**Exercise details:** The range to repeat runs from the line with "Mom Pin on Gift Card" to the last line below, both ends included; give it exactly and without pictures.

**Exercise material:**
◇ ◇ ◇ ◇ ◇

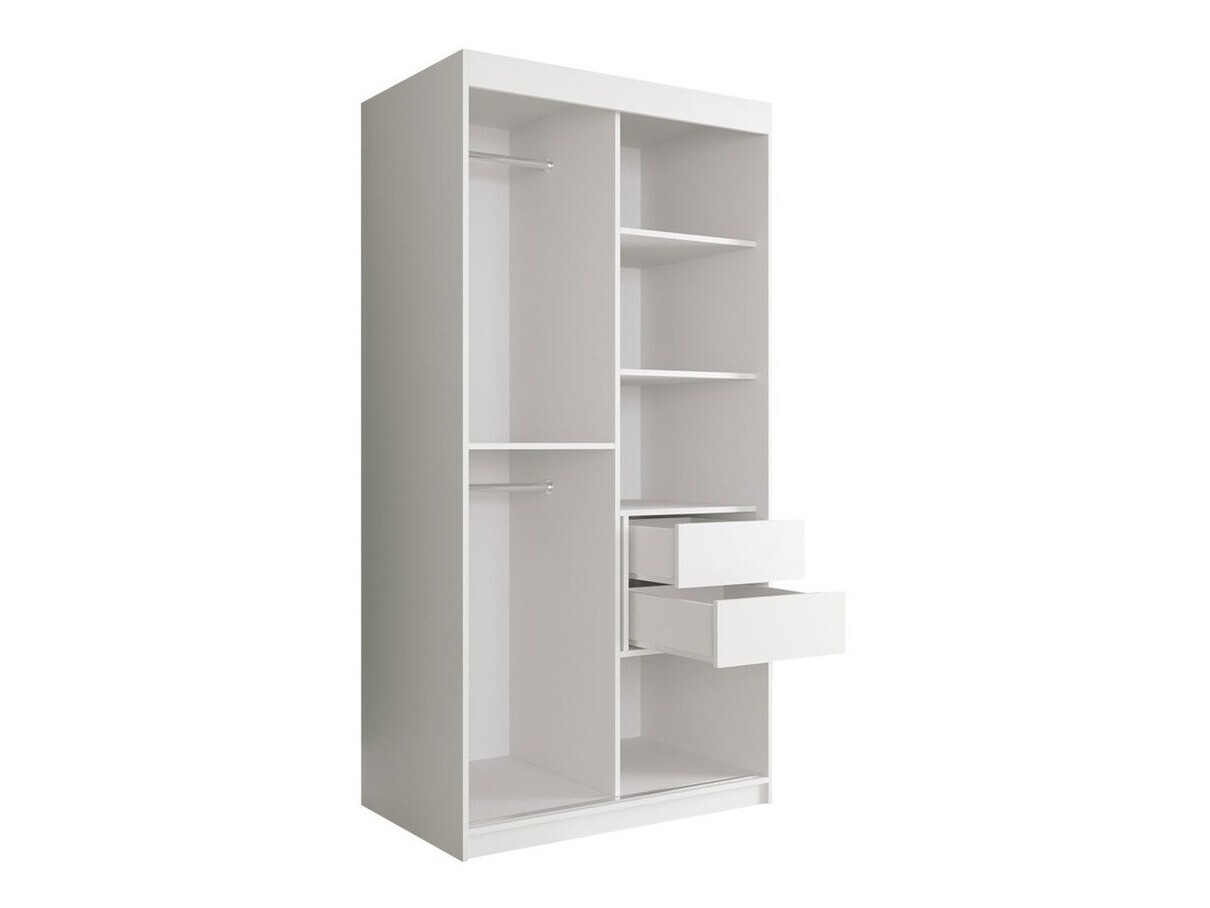 Armadio Hartford 252 (Nero opaco + Marmo nero)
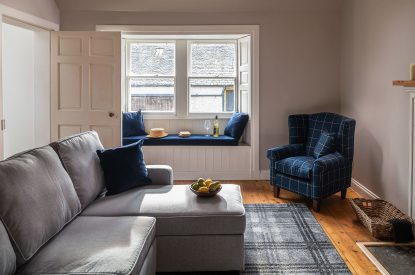 The sitting room at Quarter House, Scottish Borders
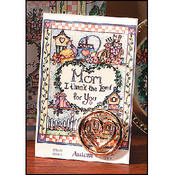 Mom Pin on Gift Card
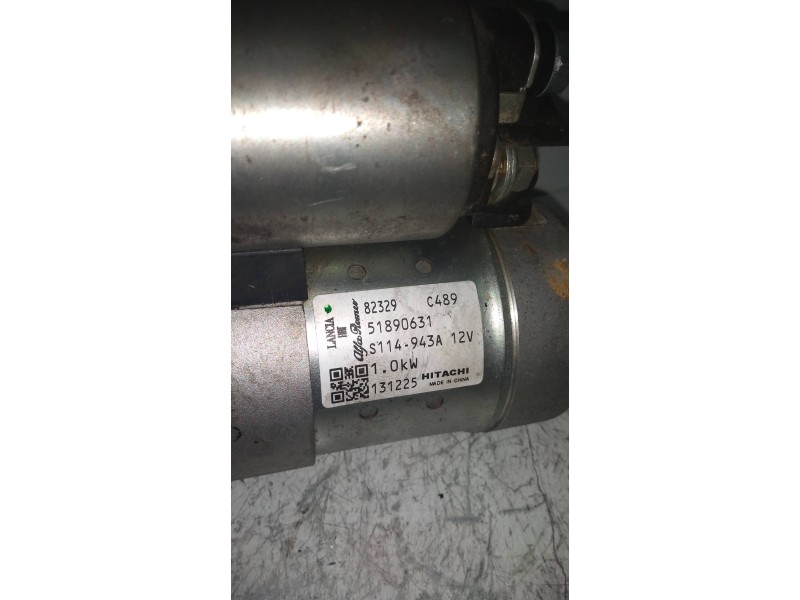 Recambio de motor arranque para fiat panda (169) 1.2 8v natural power dynamic referencia OEM IAM 51890631 82329 C489 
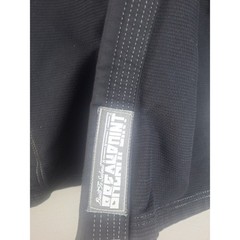 Break Point Gi Jacket Youth K2 Black Brazilian Jiu-Jitsu Pearl Weave Cotton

◇ ◇ ◇ ◇ ◇

**Reply:**
 Mom Pin on Gift Card
 Recambio de motor arranque para fiat panda (169) 1.2 8v natural power dynamic referencia OEM IAM 51890631 82329 C489 
 Break Point Gi Jacket Youth K2 Black Brazilian Jiu-Jitsu Pearl Weave Cotton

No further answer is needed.